Party loyalty not competence and using state funds as political patronage are just two of the things that bothered Movement for Social Justice (MSJ) leader David Abdulah and played a pivotal role in him pulling out of the People’s Partnership (PP) government.

 

Deemed to be a “betrayal of the social contract” between the MSJ and the PP, Abdulah, in an interview with Sunday Guardian, said he could not continue to be a part of a political party that based job appointments on party affiliation and strong ethnic support. Privy to such an experience, Abdulah said such a situation occurred during the appointment of state boards.

 

Subliminal messages such as: “We do not know who that person is. Can’t we get one of us?” rested on the conscience of the MSJ leader.
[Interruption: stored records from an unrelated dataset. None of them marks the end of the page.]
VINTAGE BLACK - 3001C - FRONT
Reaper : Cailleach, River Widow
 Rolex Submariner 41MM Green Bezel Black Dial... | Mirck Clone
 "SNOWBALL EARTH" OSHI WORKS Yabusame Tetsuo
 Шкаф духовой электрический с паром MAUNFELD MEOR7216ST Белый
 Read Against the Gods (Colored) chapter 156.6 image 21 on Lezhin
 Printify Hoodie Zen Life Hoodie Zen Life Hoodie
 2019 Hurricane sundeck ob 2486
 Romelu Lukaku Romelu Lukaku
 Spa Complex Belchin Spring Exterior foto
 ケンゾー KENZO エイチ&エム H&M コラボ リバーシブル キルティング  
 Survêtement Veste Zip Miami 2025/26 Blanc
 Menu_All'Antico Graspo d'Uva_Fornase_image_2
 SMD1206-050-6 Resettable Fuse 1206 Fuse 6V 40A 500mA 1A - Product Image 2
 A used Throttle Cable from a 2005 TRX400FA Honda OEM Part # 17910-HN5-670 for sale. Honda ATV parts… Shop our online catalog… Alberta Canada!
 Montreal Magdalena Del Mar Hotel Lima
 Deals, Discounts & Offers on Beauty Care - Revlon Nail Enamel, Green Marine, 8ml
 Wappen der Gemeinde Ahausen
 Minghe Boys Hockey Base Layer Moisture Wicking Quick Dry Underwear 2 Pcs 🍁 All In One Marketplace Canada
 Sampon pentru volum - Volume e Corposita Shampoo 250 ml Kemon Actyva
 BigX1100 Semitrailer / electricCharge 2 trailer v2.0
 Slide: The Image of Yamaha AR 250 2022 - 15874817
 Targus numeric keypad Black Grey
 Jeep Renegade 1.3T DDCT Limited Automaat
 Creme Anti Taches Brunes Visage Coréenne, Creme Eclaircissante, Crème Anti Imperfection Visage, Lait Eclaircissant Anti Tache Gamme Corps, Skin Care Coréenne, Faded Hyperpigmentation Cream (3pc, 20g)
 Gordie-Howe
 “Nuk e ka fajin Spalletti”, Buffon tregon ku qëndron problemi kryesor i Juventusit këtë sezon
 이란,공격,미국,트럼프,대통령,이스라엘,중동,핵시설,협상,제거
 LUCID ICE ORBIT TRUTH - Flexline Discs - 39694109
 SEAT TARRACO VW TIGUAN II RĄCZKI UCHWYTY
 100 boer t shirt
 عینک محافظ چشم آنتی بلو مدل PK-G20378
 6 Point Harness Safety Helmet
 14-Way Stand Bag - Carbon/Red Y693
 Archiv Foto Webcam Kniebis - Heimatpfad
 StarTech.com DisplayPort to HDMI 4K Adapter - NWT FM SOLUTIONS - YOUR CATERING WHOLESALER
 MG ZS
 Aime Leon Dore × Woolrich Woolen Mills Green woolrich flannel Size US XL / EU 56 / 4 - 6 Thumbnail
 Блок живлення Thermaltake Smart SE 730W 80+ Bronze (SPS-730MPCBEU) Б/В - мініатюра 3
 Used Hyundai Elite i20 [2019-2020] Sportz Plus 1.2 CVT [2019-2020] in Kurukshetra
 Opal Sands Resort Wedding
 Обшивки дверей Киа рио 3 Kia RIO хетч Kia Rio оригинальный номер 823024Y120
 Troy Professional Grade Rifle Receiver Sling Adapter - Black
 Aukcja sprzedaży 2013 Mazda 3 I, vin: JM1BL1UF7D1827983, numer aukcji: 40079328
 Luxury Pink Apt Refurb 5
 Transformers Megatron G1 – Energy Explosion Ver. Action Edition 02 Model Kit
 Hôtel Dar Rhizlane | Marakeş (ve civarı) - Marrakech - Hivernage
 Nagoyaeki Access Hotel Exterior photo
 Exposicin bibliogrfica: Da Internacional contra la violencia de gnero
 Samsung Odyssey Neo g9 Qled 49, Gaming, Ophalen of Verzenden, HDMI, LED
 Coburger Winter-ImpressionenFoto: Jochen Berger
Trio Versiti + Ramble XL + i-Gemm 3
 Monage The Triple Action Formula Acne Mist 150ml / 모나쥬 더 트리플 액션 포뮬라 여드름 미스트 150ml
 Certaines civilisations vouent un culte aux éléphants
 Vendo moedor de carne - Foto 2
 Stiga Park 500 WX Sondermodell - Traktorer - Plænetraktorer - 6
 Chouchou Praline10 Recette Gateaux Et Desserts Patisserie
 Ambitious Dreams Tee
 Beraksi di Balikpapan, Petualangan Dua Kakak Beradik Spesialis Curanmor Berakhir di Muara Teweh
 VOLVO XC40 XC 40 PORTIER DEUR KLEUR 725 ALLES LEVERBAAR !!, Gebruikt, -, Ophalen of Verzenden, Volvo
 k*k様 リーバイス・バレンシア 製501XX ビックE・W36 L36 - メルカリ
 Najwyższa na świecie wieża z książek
Explaining that the comment “one of us” was not a matter of ethnicity but rather party affiliation, Abdulah said the comment left him “very disturbed.”

 

“I was a witness to the conversation because I was invited to attend the meeting. The issue was the person was not known to the party and therefore not known to be a supporter of the party. The idea was they wanted a supporter of the party,” Abdulah said.

 

Explaining that UNC has a culture of politics that is very different from the MSJ, Abdulah said the UNC sees themselves as a party very much akin to that of the People’s National Movement (PNM,) in terms of appealing to ethnic support. “They see the need to use the state resources as patronage. Not necessarily in an illegal way, but for example, you see appointments to state boards as a means of gratitude for long-serving party support and that is patronage. “A similar culture was entrenched by the PNM over many years and the PP had vowed to do differently.”  

 

Party loyalty beats competence
Abdulah also spoke of a comment made by a senior Cabinet member regarding the appointments that also bothered him. “When a particular recommendation was being reviewed, the sentiment expressed by a line minister was that it was more important that chairmen and directors were being chosen on the basis of loyalty and not competence because a competent person may not be loyal but you can try to make a loyal person competent.

 

“The fact of the matter is T&T as a society is far too small to try and run the affairs of a country on the basis of part of the population,” Abdulah said. The MSJ leader said similar signs were evident as early as four to five months after the PP assumed office.

 

“The PP had promised to offer something different. The MSJ felt the PP was betraying the social contract as a party and we (MSJ) are not about patronage. “We felt we could not continue like this and I could not live with my conscience any longer without speaking out.”

 

Abdulah: I raised numerous concerns before leaving   
Asked whether he had previously raised his concerns, Abdulah said: “I would have said things to specific ministers and I indicated some of my concerns. There were some issues I brought to the attention of the Prime Minister on a number of occasions, during a few private meetings I requested.”

 

Abdulah said he also raised his concerns during parliamentary caucuses but said he did not want to betray the confidence of members. “All I would say is that many of the concerns that I was raising and spoke about and what was described as reckless and unreasonable was originally disclosed since March 11, by the MSJ.”

 

‘MSJ is about the people’
Scoffing at comments made by Prime Minister Kamla Persad-Bissessar stating that he had an “ambitious quest for power,” Abdulah said he was at a loss at what the statement meant. “Only the Prime Minister can explain what she meant, I do not know what she means.

 

“What is on the agenda is the building of the MSJ and the engagement of MSJ with the citizens of T&T. “We are going to listen to them in terms of their concerns and aspirations, and developing the policy proposals and the ideas to bring about fundamental change. “We need a way out and MSJ is prepared to be part of that process.”